El Plan Cachito (III)

Por Gonzalo Quintana

Les falta el Poder Judicial. Luego irán -ya lo intentaron antes- por el presidente Abdo Benítez para cumplir con los objetivos trazados por los marxistas en la mexicana ciudad de Puebla, el 28 de Julio de 2019. Es momento para recordar parte de lo resuelto durante aquella cumbre izquierdista: “Enfrentar en forma enérgica el avance de derecha sobre nuestros pueblos. Así lo evidencian los gobiernos neoliberales reciclados, como los de {…} y de Mario Abdo Benítez {…} que destruyen la democracia y los derechos sociales conquistados”.

El plan “Cachito” les acerca a pasos agigantados para instalar el régimen bolivariano en nuestro país. Los Castros/Chavistas cumplen con sus planes y objetivos sin ocultamientos, públicamente, anunciando lo que van hacer. Hacen lo que se supone o se espera que hagan.

El senador Miguel Fulgencio Rodríguez (FG) reclamó para su sector un espacio en la Corte Suprema de Justicia y el Tribunal Superior de Justicia Electoral. En sus declaraciones señaló que “para la CSJ deberá ser un magistrado con visión constitucionalista social”. Absolutamente coherente y consistente con la proclama del Grupo de Puebla.

“Tenemos muchísima gente, muy buena, preparada. Estamos buscando, pero tenemos gente muy preparada que ya nos habla de un constitucionalismo social, que es una doctrina que hoy no está insertada en la Corte” sentenció.

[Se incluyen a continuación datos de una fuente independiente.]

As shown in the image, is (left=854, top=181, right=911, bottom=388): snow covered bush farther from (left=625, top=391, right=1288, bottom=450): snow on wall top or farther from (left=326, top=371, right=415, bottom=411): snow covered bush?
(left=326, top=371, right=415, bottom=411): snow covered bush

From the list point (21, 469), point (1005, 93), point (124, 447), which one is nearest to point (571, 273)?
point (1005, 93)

Clarito, ¿no?. Quiere la Corte Suprema para constituir la “democracia bolivariana” imperante en Cuba y Venezuela, y preservar los “derechos sociales conquistados”.

Los partidos políticos democráticos se supone que deben enfrentarlos y detenerlos en su avance hacia la instalación de la dictadura comunista en nuestro país. Sin embargo, prominentes dirigentes y legisladores de los partidos tradicionales le abren la pista, le facilitan la cancha, le estimulan y empujan para el asalto a nuestras debilitadas instituciones democráticas.

Los dirigentes políticos de nuestro país están durmiendo con el enemigo. El peligro de ser barridos no es solo para la clase dirigente -político y empresarial adscriptos-. Más de uno podría decir “no hay mal que por bien no venga”. Pero la chatura y la falta de visión afectará a todos los paraguayos por generaciones, como ahora estamos viendo en Cuba y Venezuela.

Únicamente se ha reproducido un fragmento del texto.